Serology was performed for common mouse pathogens, and revealed exposure to viral, bacterial, and helminth pathogens (although not murine cytomegalovirus, see extended data table 1). Co-housing resulted in a constitutive increase in highly differentiated effector memory cells that matched signatures in outbred mice and humans, including the accrual of granzyme B+ and CD27lo cells (Fig. 3d). Moreover, nonlymphoid tissues became populated by CD8 T cells expressing a T_RM phenotype (Fig. 3e and extended data Fig. 2). Expanding the cellular analysis beyond CD8 T cells revealed extensive and profound changes to many innate and adaptive immune cell lineages throughout the host and increased levels of serum antibody (Fig. 3f&g and extended data Fig. 2). Furthermore, Principal Components Analysis of PBMC gene expression data in the space of all detected genes (~18000) revealed a spatial shift of cohoused samples away from laboratory samples and towards pet store along PC1 (Fig. 3h). Together, these data demonstrate that co-housing profoundly impacted the status of the immune system.

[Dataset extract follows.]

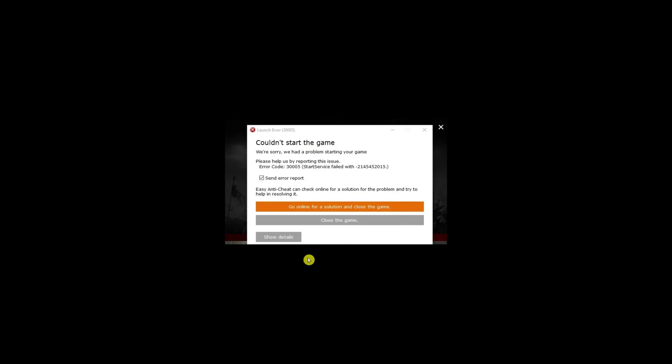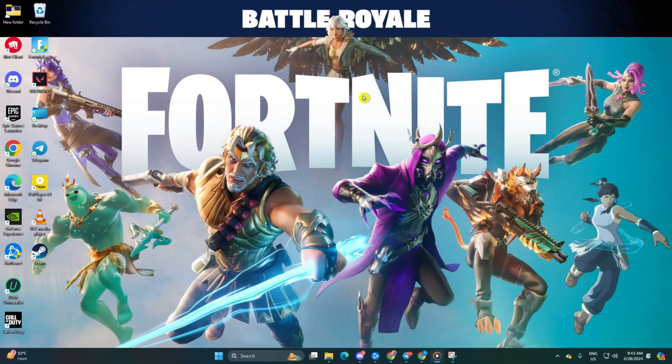Struggling with the annoying launch error 3.0.0.0.5 while firing up Fortnite on your PC? Fret not! In this video, I've got your back with a step-by-step guide on fixing that pesky issue. Let's jump right into the solutions.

Our data suggested that laboratory mice have features in common with neonatal humans, and that altering the environment reproduced phenotypic signatures of adult humans. To test this hypothesis more broadly, we queried expression-profiling data of maternal and neonatal cord PBMC from an unaffiliated study²¹ with petstore vs. laboratory and cohoused vs. laboratory signatures via gene set enrichment analysis (GSEA) (Fig. 4a and 4b). The top 400 genes up-regulated in petstore mice showed highly significant enrichment in human adult expression data, while the top 400 down-regulated genes showed enrichment in neonates. Laboratory mice acquired this gene expression program after co-housing.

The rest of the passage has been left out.